WHAT NEEDS TO BE DONE -
Look below for the line with "Husqvarna Svartpilen 250"; begin the copy there and stop after the line with "Everlasting dried flowers|", keeping the text exact and the pictures out.

DATASET RECORDS -
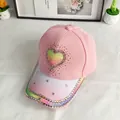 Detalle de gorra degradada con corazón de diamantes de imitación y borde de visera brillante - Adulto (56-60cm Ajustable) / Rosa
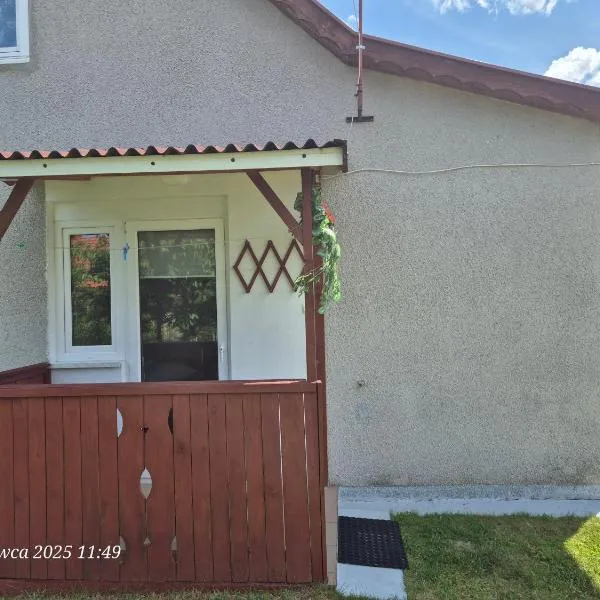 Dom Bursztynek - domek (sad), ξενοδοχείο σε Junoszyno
...
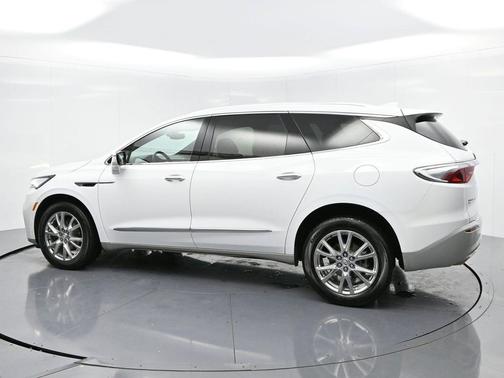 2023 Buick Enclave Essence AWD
==
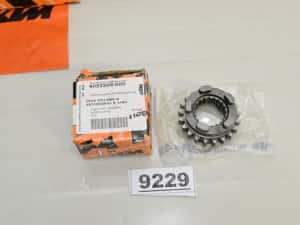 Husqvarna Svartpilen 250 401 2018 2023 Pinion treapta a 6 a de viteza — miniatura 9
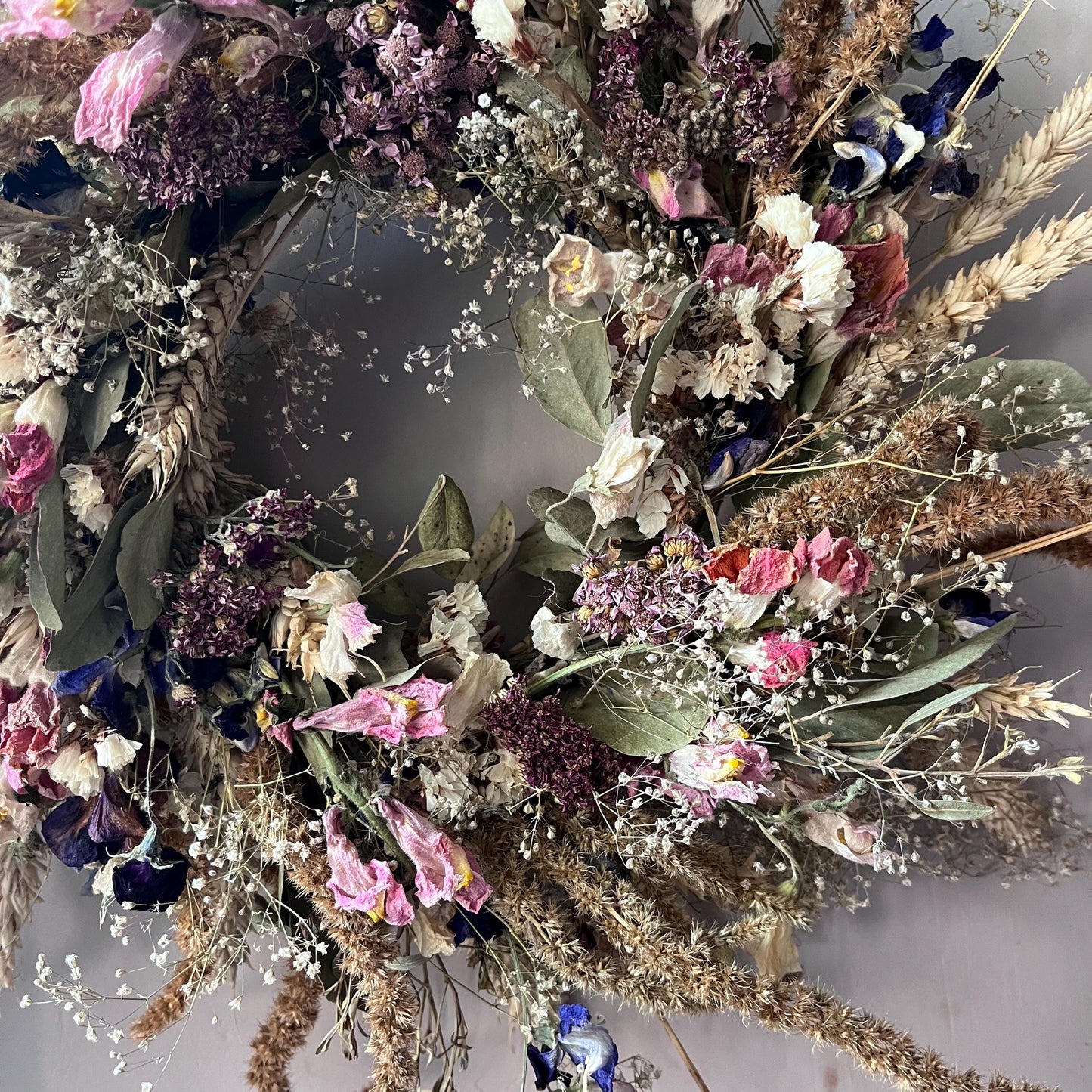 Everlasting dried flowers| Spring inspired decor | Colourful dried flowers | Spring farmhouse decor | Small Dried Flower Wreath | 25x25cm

EXPECTED ANSWER -
 Husqvarna Svartpilen 250 401 2018 2023 Pinion treapta a 6 a de viteza — miniatura 9
 Everlasting dried flowers| Spring inspired decor | Colourful dried flowers | Spring farmhouse decor | Small Dried Flower Wreath | 25x25cm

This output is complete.